Derrota da extrema direita espanhola indica caminho contra tentação antiliberal
JOTA.Info 2023-07-24
O resultado das eleições deste domingo (23) na Espanha demonstra que não é difícil derrotar a extrema direita caso as forças democráticas se comuniquem com a população sem ambiguidades. O primeiro-ministro Pedro Sánchez acabou por resistir à batalha na qual se enfiou voluntariamente ao convocar eleições antecipadas depois que o Partido Socialista Obreiro Espanhol (PSOE) foi derrotado em eleições regionais e municipais em maio passado. Enquanto isso, em Israel, foi aprovada nesta segunda-feira (24) pelo Parlamento liderado pelo ultradireitista Binyamin Netanyahu uma lei que limita a atuação da Suprema Corte do país.

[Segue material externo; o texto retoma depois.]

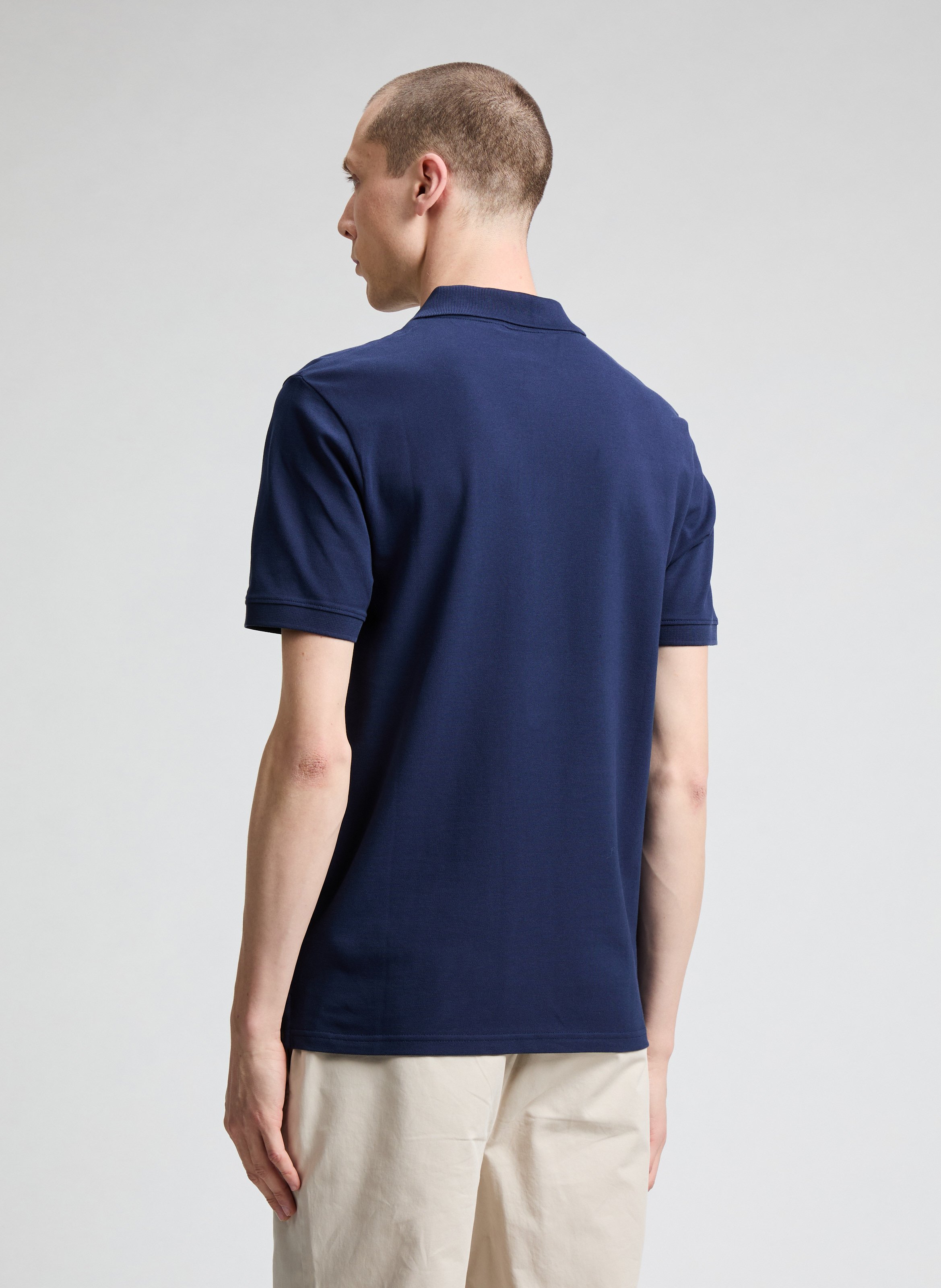 Polo en coton LYLE & SCOTT Bleu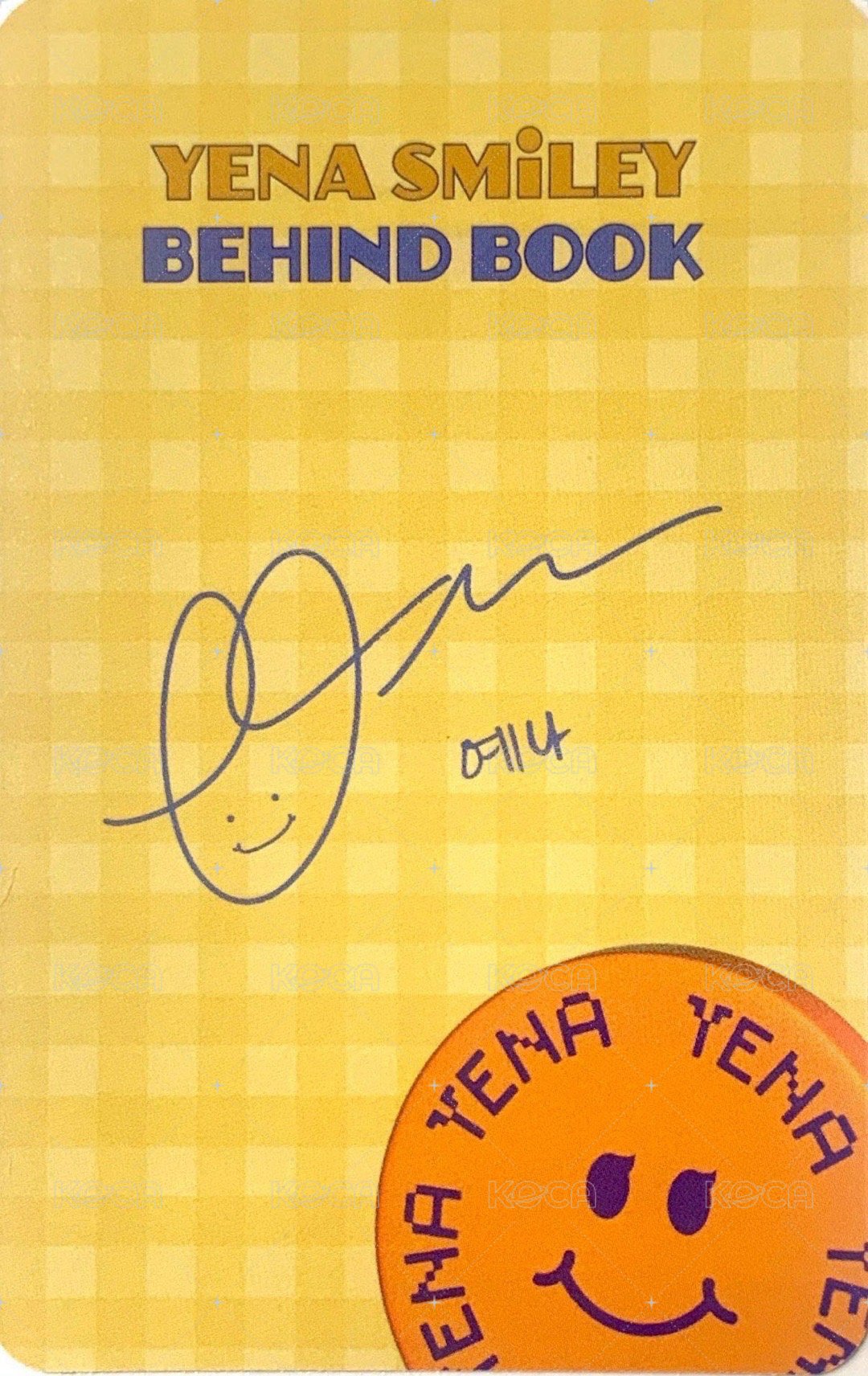 SMiLEY 幕後寫真 周邊卡  背面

Com uma campanha em que expôs os absurdos perpetrados pelo Vox — o principal partido de extrema direita da Espanha — contra os direitos individuais e minorias em administrações subnacionais, Sánchez parece ter conseguido mobilizar mais eleitores que o esperado. Assim, o PSOE subiu de 120 para 122 cadeiras no Congresso de Deputados, a câmara baixa do Parlamento espanhol. Já o Partido Popular (PP), de centro-direita, obteve 136 assentos contra 89 nas eleições anteriores.
O grande perdedor foi o Vox, que passou de 52 para 33 cadeiras, tornando, assim, impossível formar uma coalizão majoritária com o PP. Portanto, com o cenário inesperado de redução do poder da extrema direita, são elevadas as chances de Sánchez manter-se à frente do governo espanhol com seus atuais parceiros no poder ainda que o PP tenha obtido mais cadeiras que os socialistas. A centro-direita, por sua vez, reivindica o direito de formar um governo, sendo necessária uma coalizão de 176 deputados para atingir a maioria entre 350 assentos.
Não se pode descartar o fato de que o PP teve mais votos e abocanhou na prática eleitores do Vox por conta da própria ação do PSOE em expor as contradições e, portanto, os perigos da extrema direita. Ademais, o fato de que as eleições ocorreram em plenas férias de verão pode ter desmobilizado eleitores, contribuindo, assim, para o resultado, que também pode levar a uma nova eleição caso nem PP nem PSOE consigam formar um novo governo.
De toda forma, a ascensão do Vox parecia ter limites, pois a Espanha adota um sistema de eleições parlamentares em que os distritos — embora elejam mais de um representante — são de baixa magnitude. Ou seja, não chegam a ter o tamanho de um distrito brasileiro, equivalente a um estado, o qual pode chegar com a ter 70 cadeiras, como no caso de São Paulo. Em Israel, Netanyahu e seus colegas da ultradireita beneficiam-se de que o país como um todo é um único distrito para a eleição dos 120 membros do Knesset.
Conforme ensinou Maurice Duverger, distritos pequenos tendem a levar os políticos a se organizarem em poucas agremiações, como é o caso dos Estados Unidos, em que republicanos e democratas dominam o Congresso há mais de um século e cujos representantes são eleitos pelo sistema distrital. O que pode provocar rupturas em tal domínio são eventos externos ou transformações profundas na sociedade capazes de gerar realinhamentos políticos dentro dos partidos já existentes ou o surgimento de novas agremiações políticas ou coalizões.
Para o Brasil especificamente, as lições do que se passa na Espanha e em Israel indicam que, enquanto o Judiciário não for capturado por extremistas como acabou de acontecer no país do Oriente Médio, o sistema político pode se autocorrigir com a ação de empreendedores políticos como Sánchez. Numa aposta arriscada, o primeiro-ministro espanhol pode ter perdido o governo, mas acabou por contribuir para constranger o avanço da extrema direita na Europa e em escala global. Talvez tenha sido um golpe de sorte para a sobrevida da democracia liberal tal como foi a vitória de Lula sobre Bolsonaro em 2022. As tentações antiliberais podem, portanto, ser efetivamente combatidas enquanto o Judiciário não sofrer intervenções autocratizantes.